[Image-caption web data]
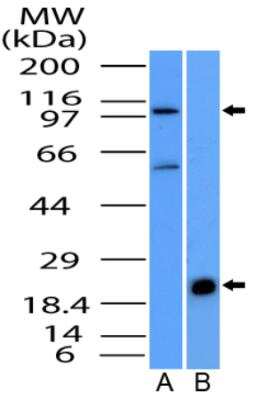 Western Blot: NALP6 Antibody [NBP2-31372]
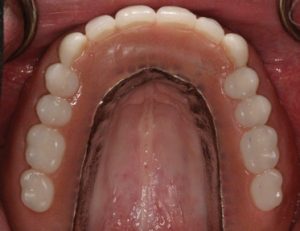 Implant-Assisted-Dentures-3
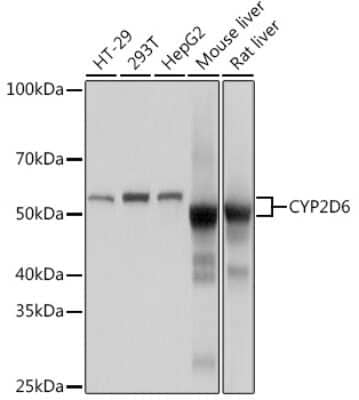 Western Blot: Cytochrome P450 2D6 Antibody (1X3F0) [NBP3-16610]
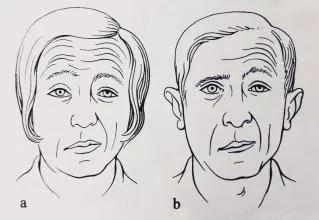 突发面瘫,突发面瘫治疗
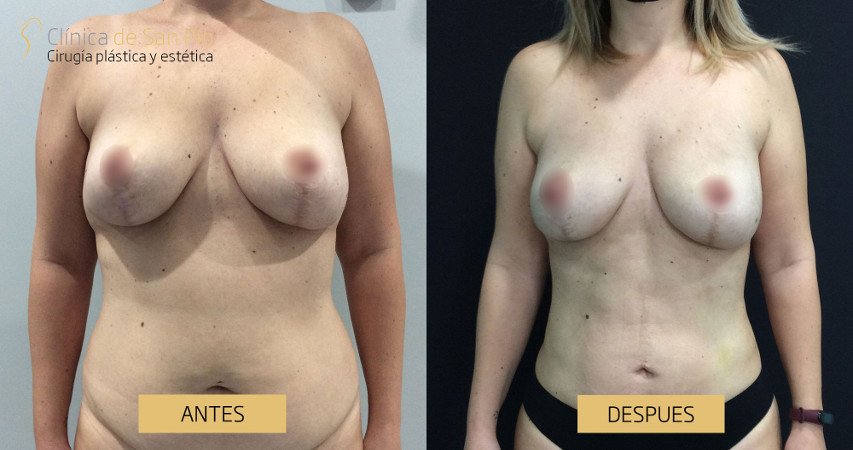 Lipoescultura, antes y despues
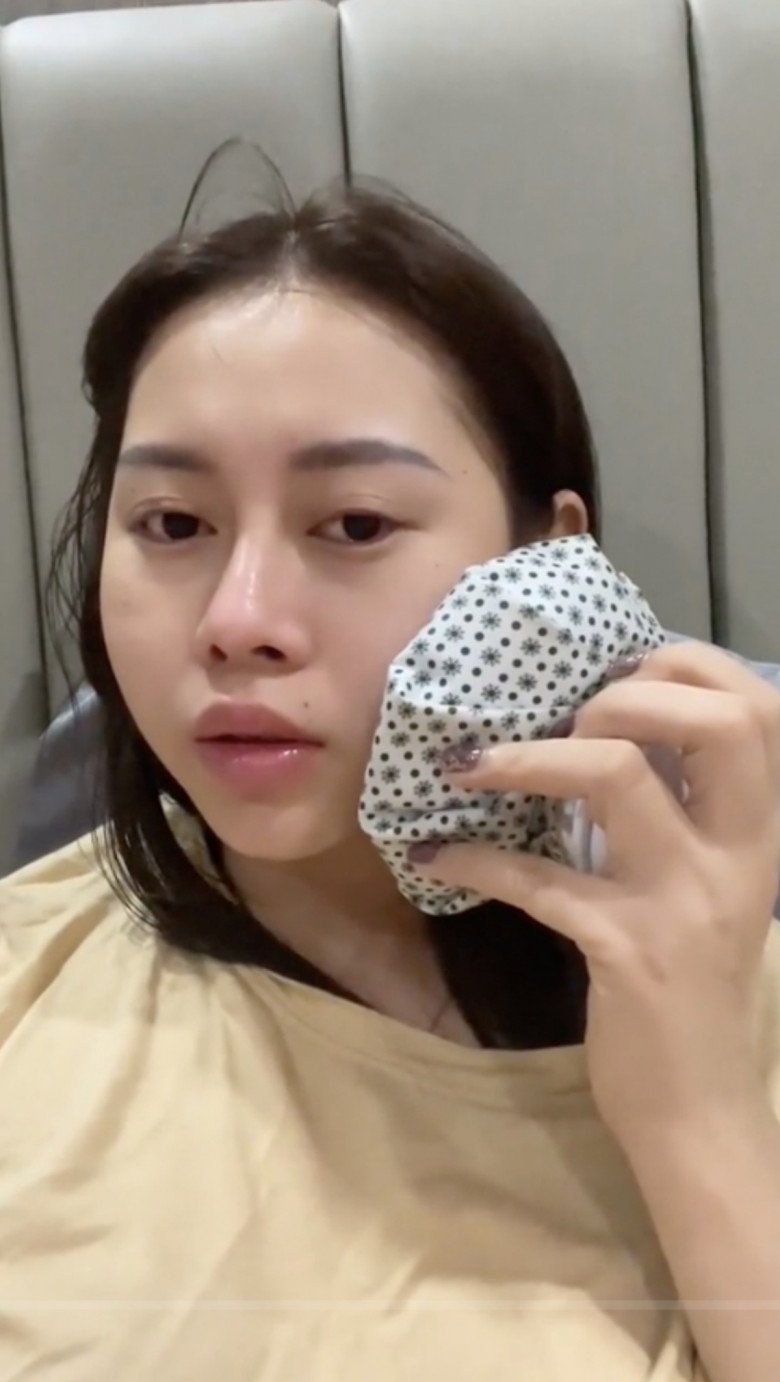 Người đẹp cật lực đi khám và được kê thuốc để uống, kết hợp chườm lạnh thì phần má cũng có chuyển biến nhẹ là xẹp đi. Tuy nhiên, phần sưng nề sau đó vẫn tiếp tục xảy ra khi hết thuốc.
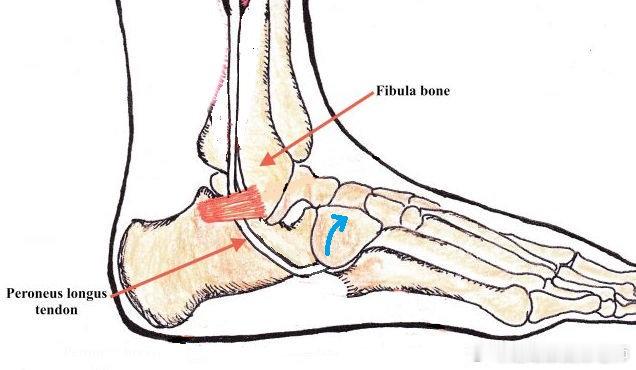 踝关节康复 脚踝疼痛？如果你脚背靠外侧按压会疼痛，内翻时疼痛加重，那你要小心——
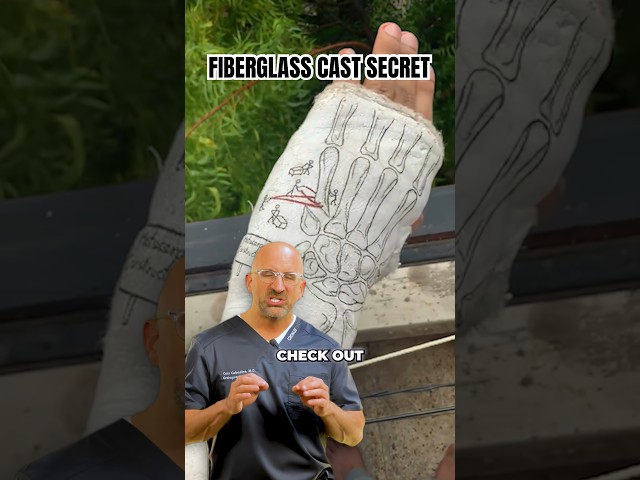 Cast Tip for a Better Broken Bone Experience #shorts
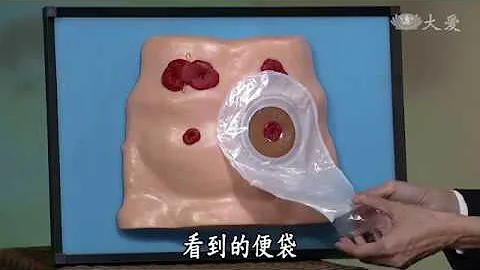 【志为人医守护爱】20171106 - 肠造口照护 - 肠肠久久 - 天天要闻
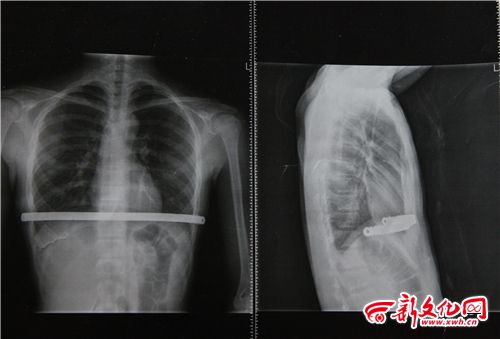長(zhǎng)春一初中生常莫名發(fā)燒40多度 病因仨月沒(méi)找到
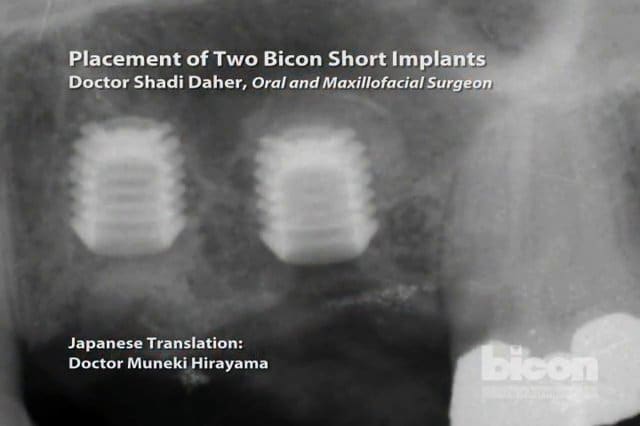 Placement Of Two Bicon Short Implants Bicon Dental Implants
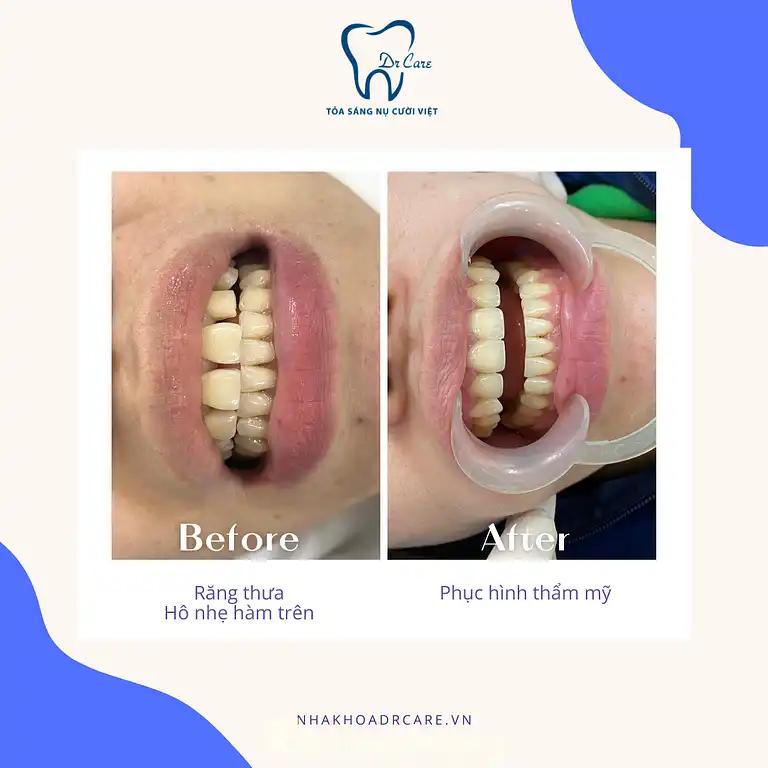 Hình ảnh Nha Khoa Dr Care: 169 Bình Lộc, TP Hải Dương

**TASK GOAL**
Each line from the one holding "Cast Tip for" through the final line of the data needs to be transcribed exactly. Include both ends, skip the pictures, and add nothing.

**SOLVED EXERCISE**
 Cast Tip for a Better Broken Bone Experience #shorts
 【志为人医守护爱】20171106 - 肠造口照护 - 肠肠久久 - 天天要闻
長(zhǎng)春一初中生常莫名發(fā)燒40多度 病因仨月沒(méi)找到
 Placement Of Two Bicon Short Implants Bicon Dental Implants
 Hình ảnh Nha Khoa Dr Care: 169 Bình Lộc, TP Hải Dương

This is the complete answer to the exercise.